Thursday, November 12, 2015
"You need to stop this"
I once lived in an apartment house where the resident manager, turns out, was beating his wife. All of the tenants gradually figured out what was happening by sharing information about our encounters with them.
He was doing it so quietly; we would never have known otherwise.
Here, this year in New Orleans, we are living in a rental house with a studio apartment sharing the same wall. Our neighbors are a young couple. Their apartment is too small for two people, and she is pregnant. He is recently unemployed. We sympathize with them, and have been as supportive as we can be.
But with all the stress and claustrophobia of their situation, it is understandable that there are tensions. For the last several weeks, we've been hearing a soundtrack of two people screaming at each other on the other side of the wall.
The first bad time, I went to their door and knocked. There was a sudden silence. "You have to stop this." I said. They stopped.
Then it happened again. You might assume that the guy was the aggressor. In this case, it seems not to be the case. He is a tormented young man, clearly the more sensitive one. It sounds to me like she is provoking him, and goading him to anger. But it's not fair for me to judge, because I can't really hear their words, all I hear is the contour of their voices.
There does not appear to be any physical violence going on.

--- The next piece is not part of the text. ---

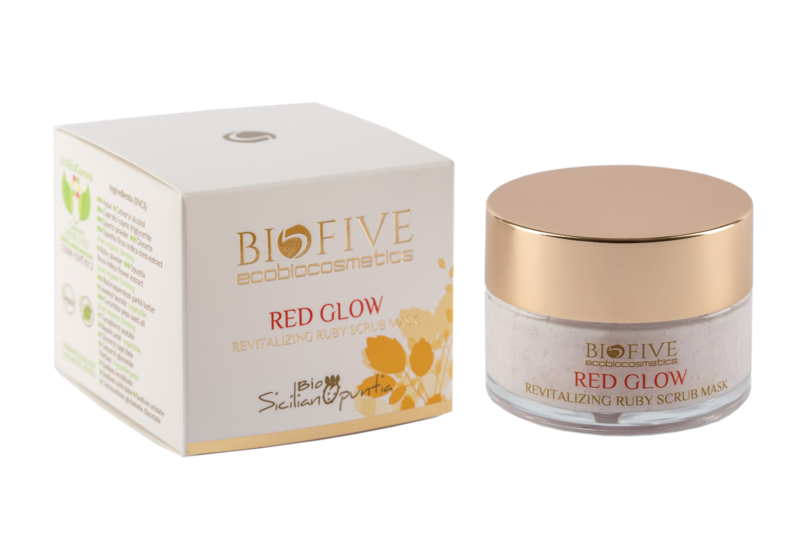RED GLOW - Revitalizing Ruby Scrub Mask
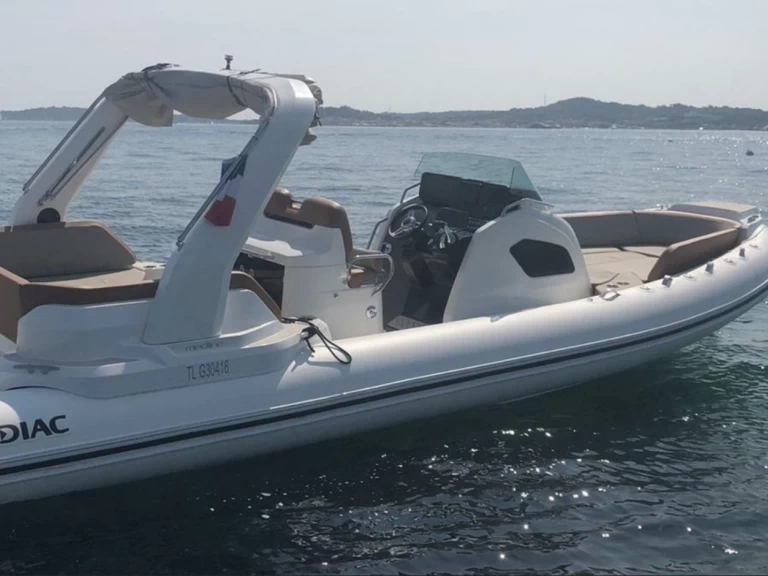 Alquiler de embarcaciones Zodiac Medline 9 enPort Grimaud en Samboat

But the sounds that come through our wall raise the hackles on the back of my neck.
Yesterday, we sat almost cowering in our living room while they screamed at one another, for over two hours. We cannot work. They are frightening our dog.
I want to tell them that they have to stop, not only for our sake, not only for the sake of the ten-year old boy who lives next door, not only for our dog's sake, not even for their own sake, but for the sake of their unborn baby.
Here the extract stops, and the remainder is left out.